この環境が田舎にはなかったので、うらやましい。ぼくに関しては、自分のものとなった洋書の一冊目は、H・G・ウェルズの『月世界最初の人間』かもしれない。これは自分で買ったのではなく、先輩が修学旅行で買ってきてくれたのだ。これはいきなりわからない単語だらけで、はじめて読み切ったのはペンギン版で買い直して読んだ6年前くらいのことだ。
さもなくば、刑事コロンボのノヴェライズ本。これは、記憶に違いがなければ、妹がお土産として買ってきたのだと思う。今読めば何ということもない平易な英語のはずだが、大学になって読もうとしたら、やはり当時の英語力では歯が立たなかった。これは現物が出てこないが、田舎の本屋に並べてあったくらいのものだから、難しい英語であったはずがない。

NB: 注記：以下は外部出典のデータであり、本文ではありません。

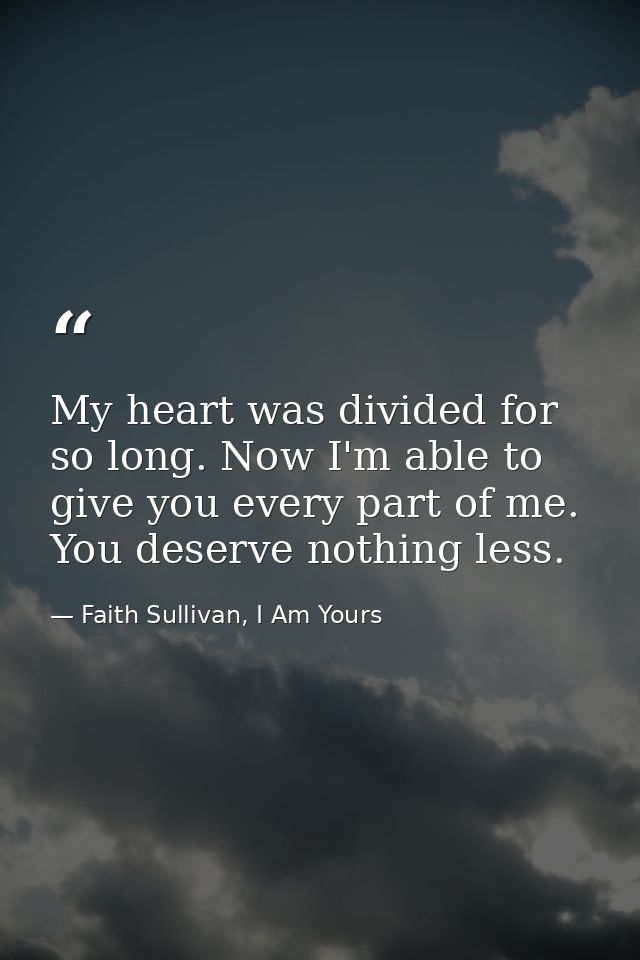 My heart was divided for so long. Now I'm able to give you every part of me. You deserve nothing less. — Faith Sullivan, I Am Yours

あるいは、テレビドラマ『マッシュ』のノヴェライズ本。このことは以前書いた気がするけれど、読み通せなかった。あるいは、ヒックスの『経済史の理論』やアンゾフ『企業戦略論』のような、経済や経営の本。読めるはずがなかった。で、洋書を読み通す経験をしないまま最初の大学を出たのは、本当に残念だった。これが、自分は知的には偽物だ、という負い目となってのしかかる。
いつも書いていることだが、これを晴らすことができたのは、二十代後半になってからだ。英語の本を読み切れるぞ、という自己発見。これだけでも、大げさに言えば、生きていてよかった、と思った。
モギケンが「英語の勉強には多読、本をたくさん読むこと」と言うのはもっともなことだが、そう言われただけで英語の本に興味を持ち、手に取って挑戦を始める…という少年少女ばかりではないし、興味を持つ子らにすら、的確な助言や指導が必要かもしれない。まずとにもかくにも一冊読み切ること、それに尽きるのだけれど、これは跳び箱や逆上がりと一緒で、コツがつかめない者にはいつまでたっても難しい。その点を、親身に、押しつけでなく伴走してくれる先達がいる者は幸せだ。それをしてくれる生身のセンセイのいるところをこそぼくは大学と呼びたい(モギケンの言う、高校の段階で洋書三十冊という勧めは、ふつうの知力の子には過大過ぎる)。それは現在、制度としてこの国に存在する大学とはもはやあまり関係ないかもしれない、というかぜんぜん関係なかったりするのだろう。「ならば塾をおやりになったら?」とは、むかしも今もたまに言われる。
パソコンのラジコで文化放送の千倉真理さんの番組を聴いていたら、今日は立春。節分は、豆まきをやらずに済んでしまった。去年の今日は、夏用の帽子を買ったんだったっけ。待っていた通知が来て、今年も始動。